» **Data shown**:
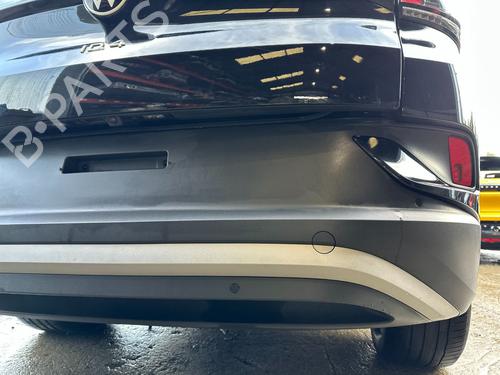Bak støtfanger VW ID.4 (E21) PRO 4motion | BP32653857C8 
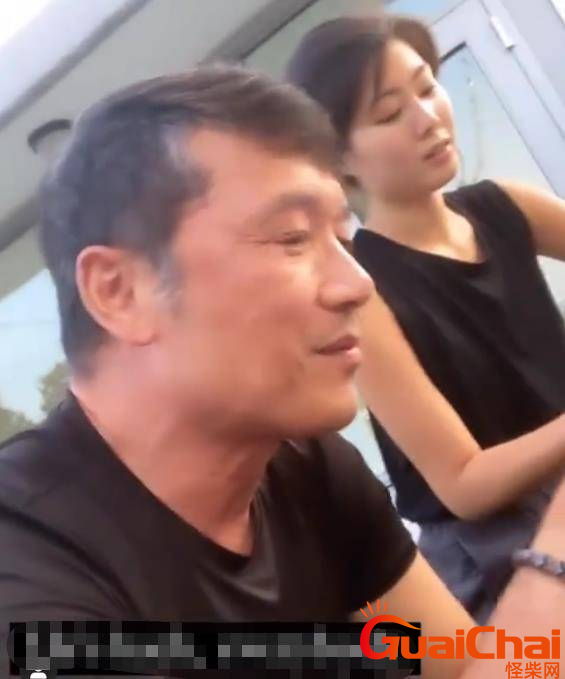 苗侨伟是哪里人?苗侨伟的老婆是谁？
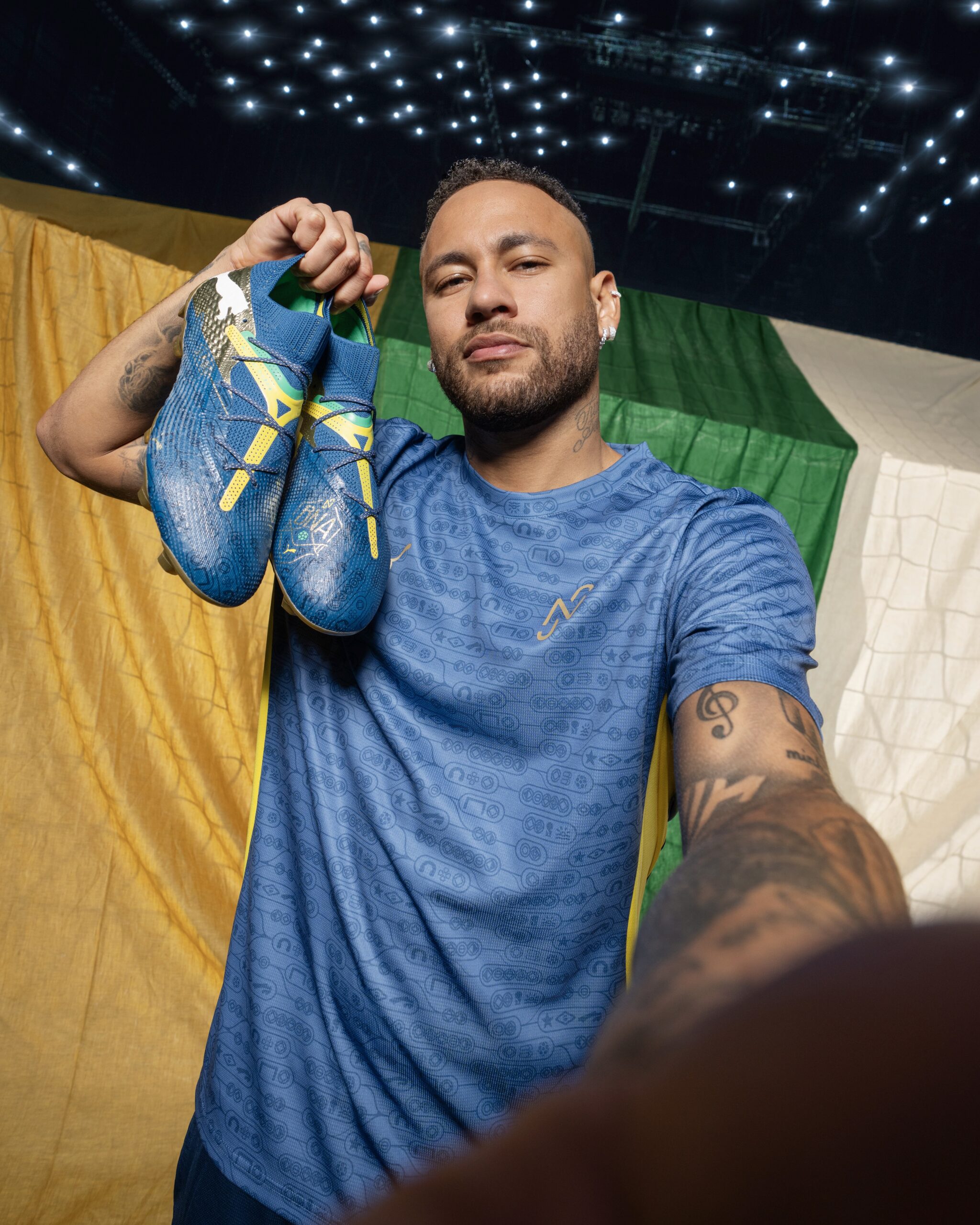 Puma Future Neymar BNA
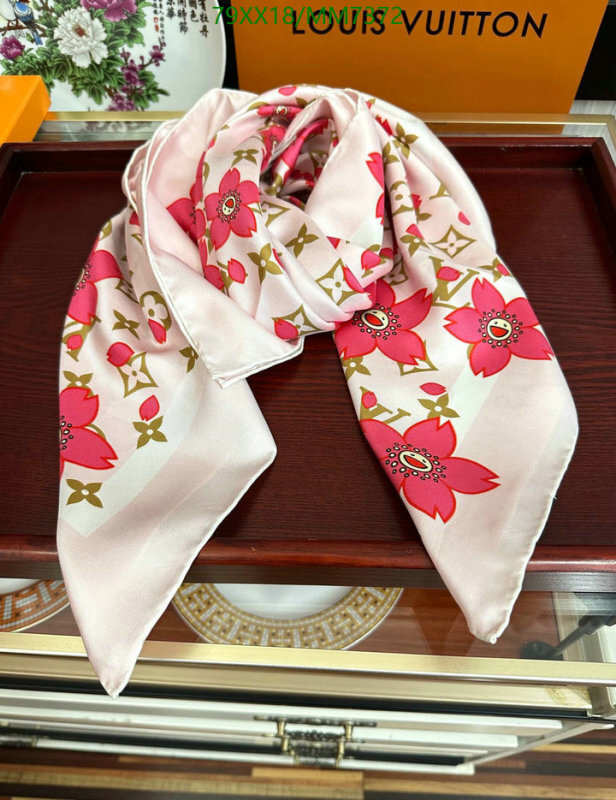 Scarf-LV Code: MM7372 $: 79USD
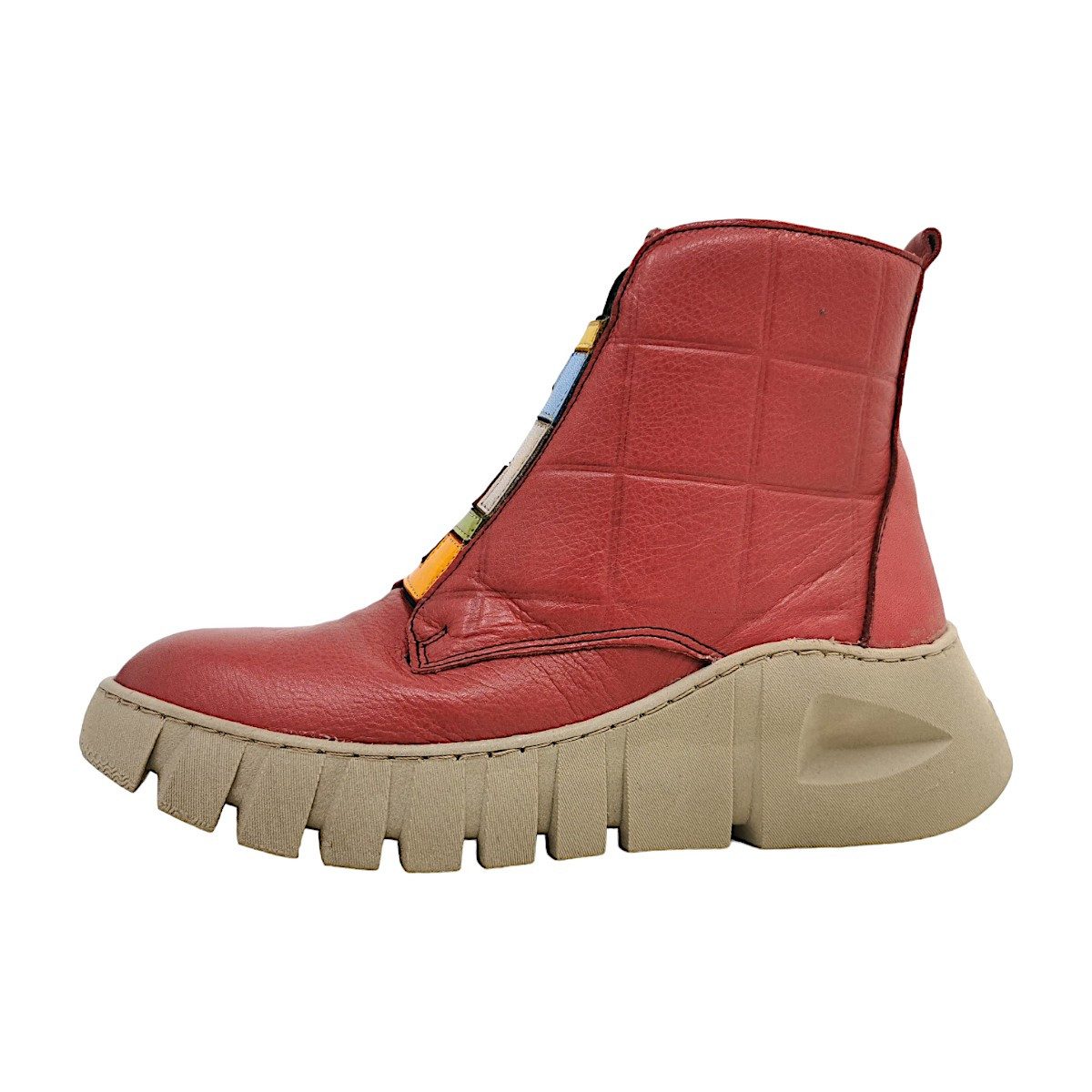 Gemini Stiefel Schnürstiefel günstig online kaufen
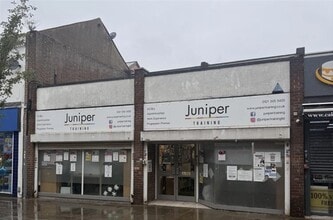 58-59 Union St, Wednesbury to rent Building Photo- Image 1 of 1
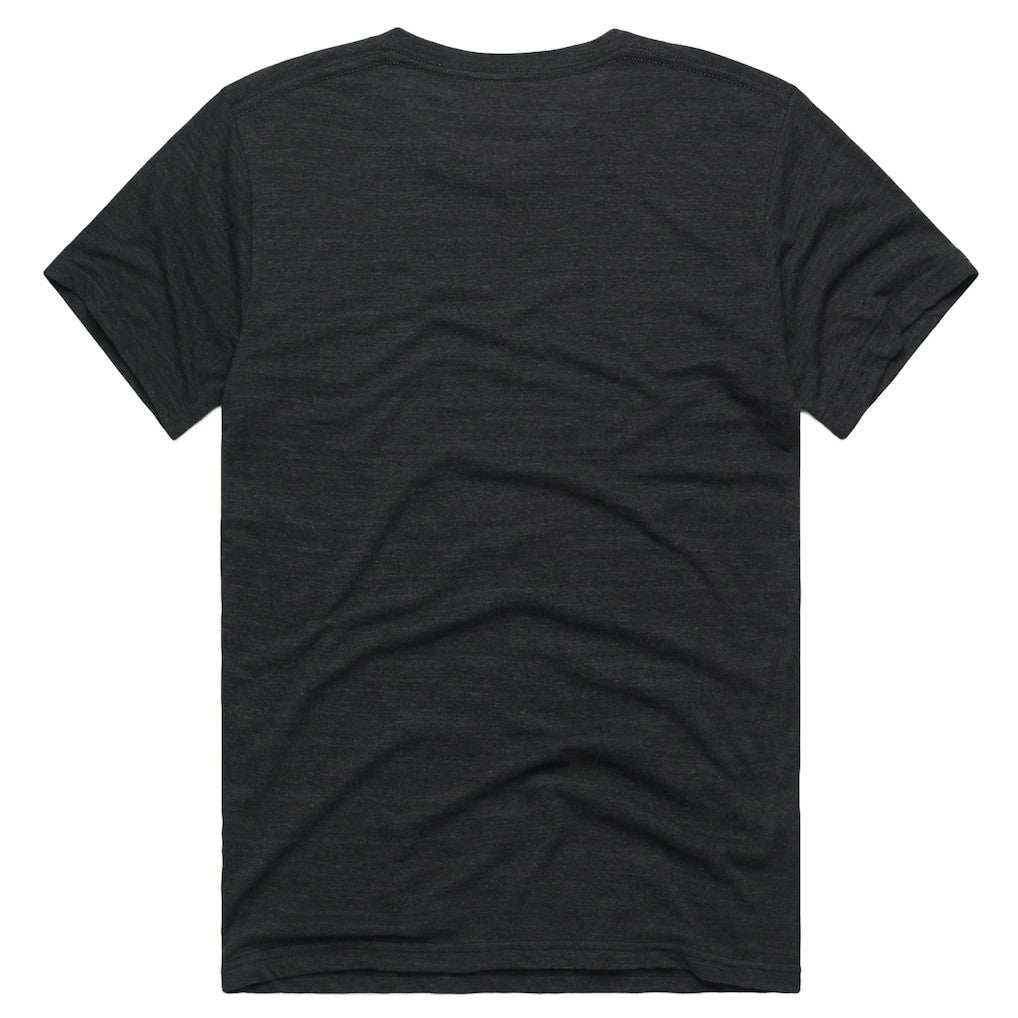 NFL Las Vegas Raiders Bo Jackson  Homage Unisex Retired Player Classic Caricature T-Shirt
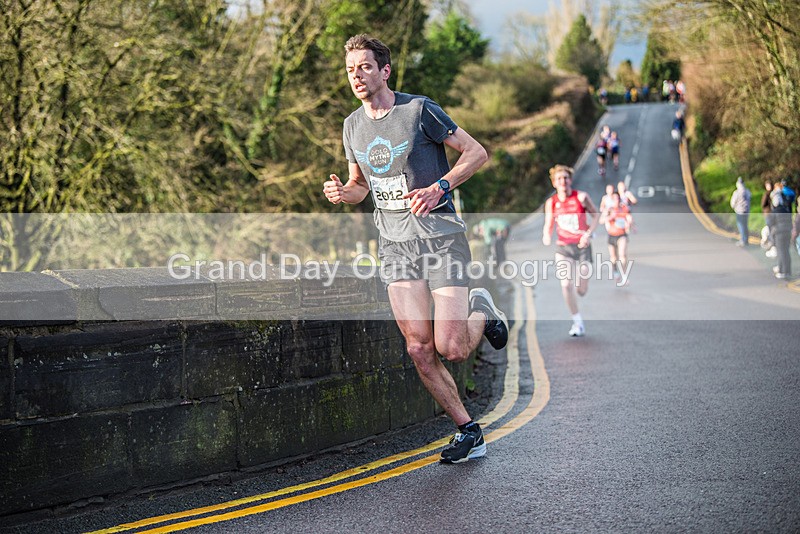 Ribble-389 - Ribble Valley 10K Sunday 31st December 2023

» **Problem statement**: Working from the line with "Scarf-LV Code: MM7372 $: 79USD" to the last line of the material above, repeat each line exactly and leave out the pictures.

» **Result below**:
 Scarf-LV Code: MM7372 $: 79USD
 Gemini Stiefel Schnürstiefel günstig online kaufen
 58-59 Union St, Wednesbury to rent Building Photo- Image 1 of 1
 NFL Las Vegas Raiders Bo Jackson  Homage Unisex Retired Player Classic Caricature T-Shirt
 Ribble-389 - Ribble Valley 10K Sunday 31st December 2023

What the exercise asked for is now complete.